Aku memaksakan tubuhku untuk beranjak dari tempat tidur, berniat untuk membersihkan tubuhku. Tapi hal pertama yang harus kulakukan adalah, membuka kedua sepatuku. Aku menghela napas panjang, melihat seberapa kacaunya diriku di depan cermin. Seragam yang sudah kusut, rambut yang acak-acakan dan tidak ada senyuman di wajahku.

Bahkan walaupun sudah tidur begitu lama, rasa sesak itu tidak kunjung menghilang. Aku hancur sehancur-hancurnya saat ini. Walaupun sudah meyakinkan diriku untuk berhenti, namun rasa sakit yang diciptakan Darren ternyata cukup menorehkan luka yang dalam untuk hatiku.

Mencoba menyingkirkan pikiranku dari Darren, aku segera mengambil handuk dan berjalan menuju kamar mandi. Aku butuh untuk menyegarkan diriku saat ini. Setidaknya walau  sedang dalam kondisi patah hati, aku harus tetap wangi. Oke, abaikan saja pemikiran ku saat ini.

Selesai mandi dan berganti baju, aku kembali lagi berbaring di atas tempat tidurku. Namun, sepertinya niatku untuk kembali tidur harus ditunda dulu, karena ketukan di pintu kamarku. Dengan terpaksa, aku mengangkat tubuhku dari atas tempat tidur dan berjalan menuju arah pintu.

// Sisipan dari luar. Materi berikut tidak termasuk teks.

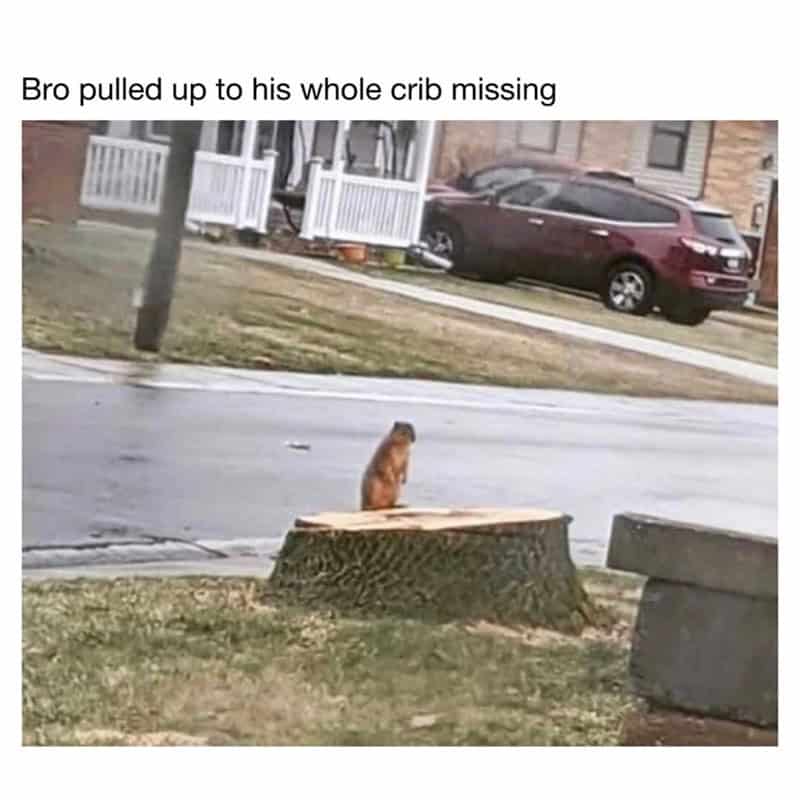 Bro pulled up to his whole crib missing.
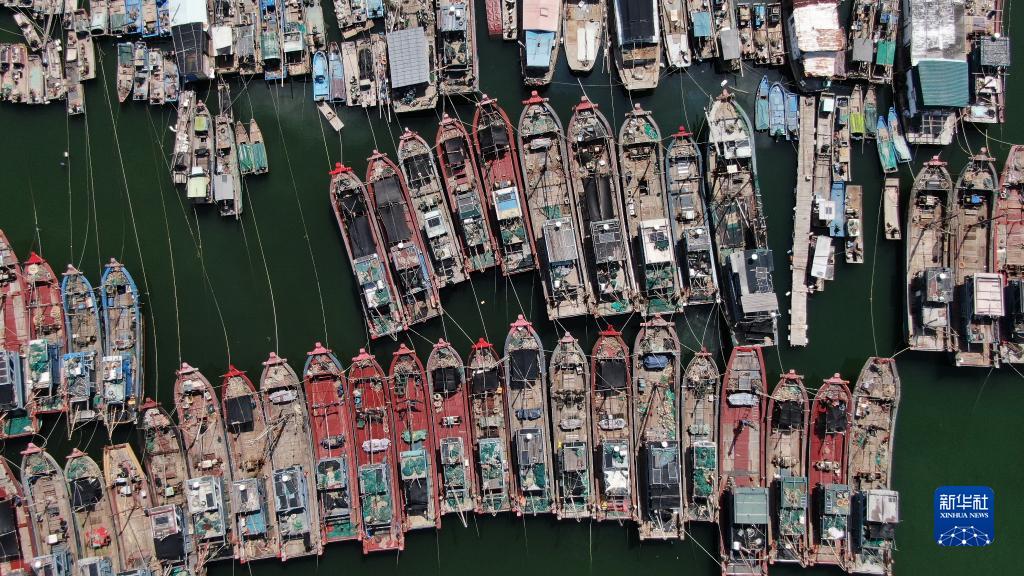 渔船归港 防御台风“杜苏芮”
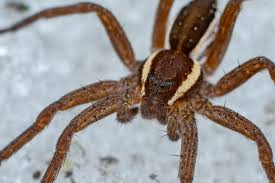 Attēlu rezultāti vaicājumam “Dolomedes fimbriatus”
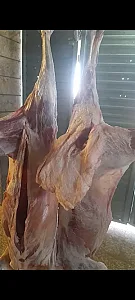 قصابی نمونه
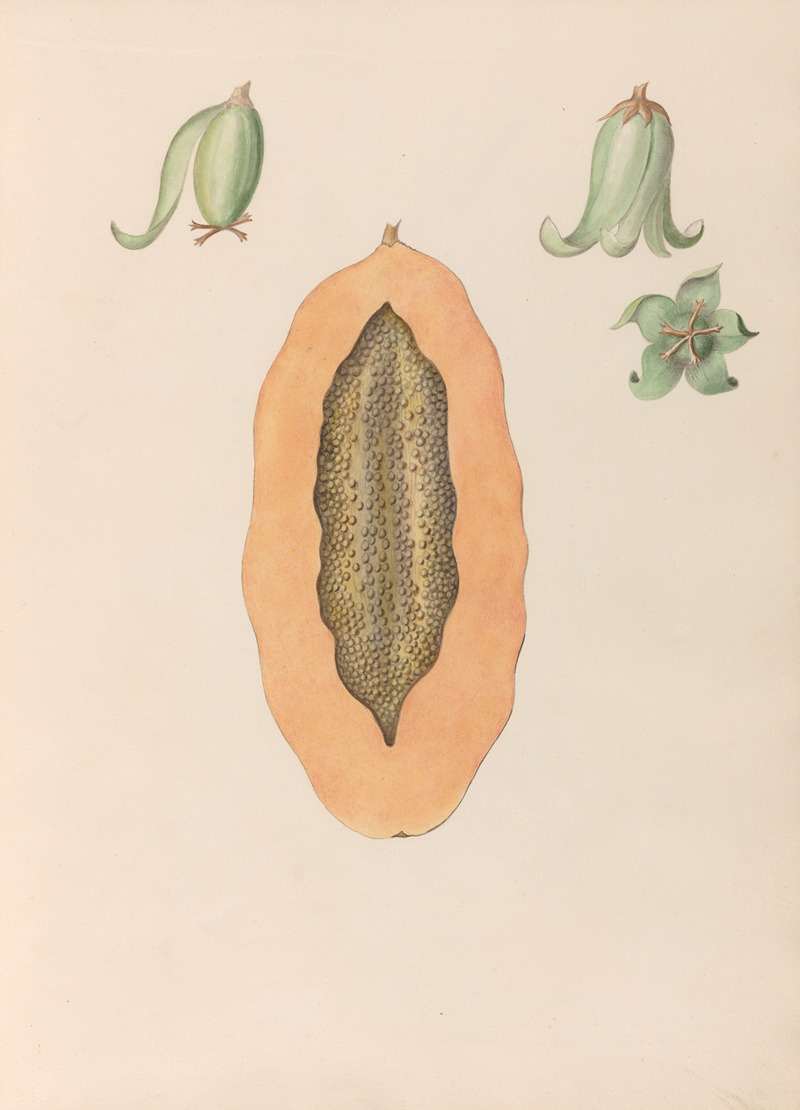 Charles Empson - Drawings of tropical flowers and fruits, from South America Pl.36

Begitu pintu kubuka, munculah dua sosok perempuan yang menggunakan piyama tidur dengan tas dukung di punggung mereka, dilengkapi dengan wajah khawatir mereka yang sangat kentara.

"Cal, lo nggak papa kan?" Tanya salah seorang dari si pengganggu, tidak lupa dengan tangannya yang memegang kedua pundakku disertai dengan tatapan mata yang meneliti tubuhku dari ujung rambut sampai ujung kaki.

"Kok lo nggak bilang-bilang sama kita sih kalo Calianda buat masalah sama lo? Untung aja tadi kita ketemu sama Philo, dan dia ceritain semuanya sama kita. Kita khawatir banget tau nggak sih Cal sama lo, mana di telepon handphone lo nggak aktif lagi. Kan kita tambah panik kalo lo sampe kenapa-napa," ujar si pengganggu yang satunya lagi.

Aku hanya bisa memutar bola mataku lelah, melihat kelebayan dari kedua pengganggu tadi yang adalah sahabatku. Mereka pikir memangnya aku akan melakukan apa? Aku juga masih punya pikiran untuk melakukan hal-hal bodoh, yang nantinya hanya akan merugikan diriku sendiri.

"Ya ampun, aku nggak papa kok. Aku cuma butuh waktu sendiri buat nenangin diri. Jadi mendingan kalian singkirin pikiran negatif kalian. Aku nggak setolol itu buat ngelakuin hal-hal konyol, cuma karena patah hati," ucapku sambil kembali berjalan ke arah tempat tidur.